The required result is an exact copy of the lines from the one containing "Внедорожник / Кроссовер" to the last line of the records, both ends included, without pictures.

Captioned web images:
§ §
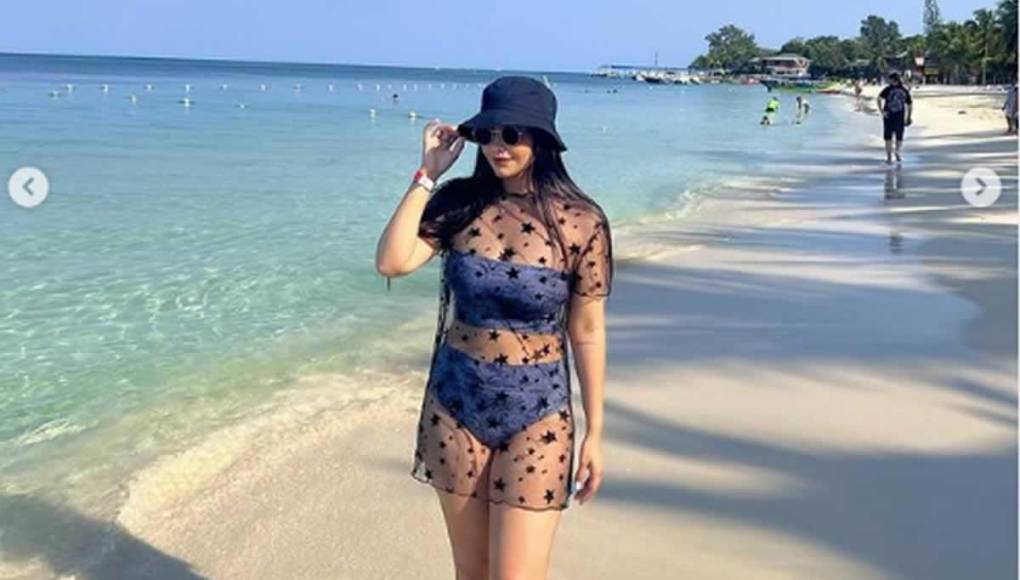 Stephanie Lobo, la linda novia del jugador hondureño Cristian Cálix, enamoró en las playas de Roatán.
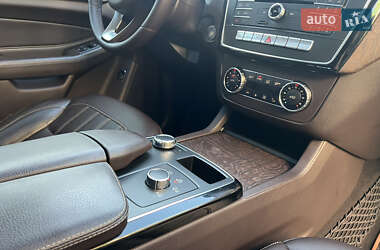 Внедорожник / Кроссовер Mercedes-Benz GLE-Class 2015 в 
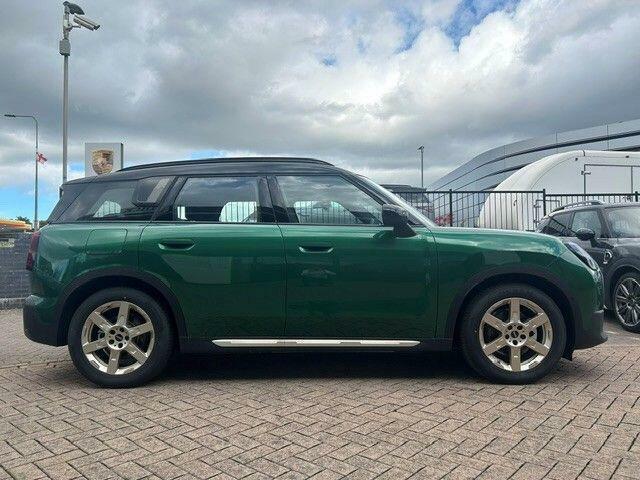Mini Electric E 66.5Kwh Exclusive Green #4
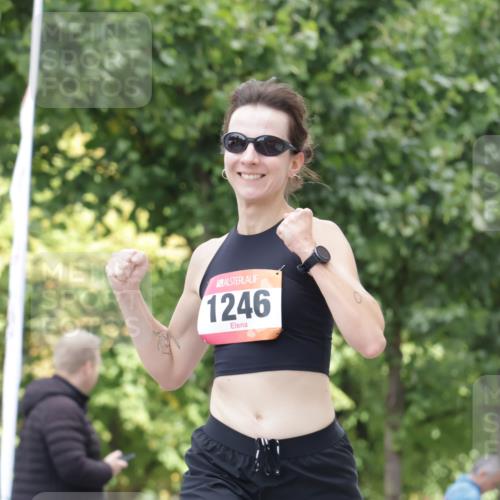 06.09.2026 - CURREX Alsterlauf Yannick Fuchs http://msf.ph/oto/10179463 06.09.2026 12:04:04 Ziel 1142, 1246 meine-sportfotos.de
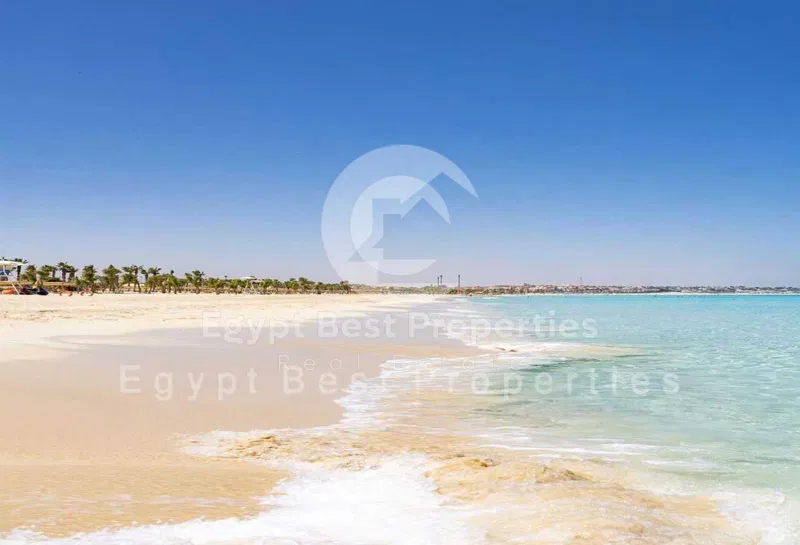 3-bedroom chalet 170 m² for sale in Playa Resort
§ §
**Task answer**
 Внедорожник / Кроссовер Mercedes-Benz GLE-Class 2015 в 
Mini Electric E 66.5Kwh Exclusive Green #4
 06.09.2026 - CURREX Alsterlauf Yannick Fuchs http://msf.ph/oto/10179463 06.09.2026 12:04:04 Ziel 1142, 1246 meine-sportfotos.de
 3-bedroom chalet 170 m² for sale in Playa Resort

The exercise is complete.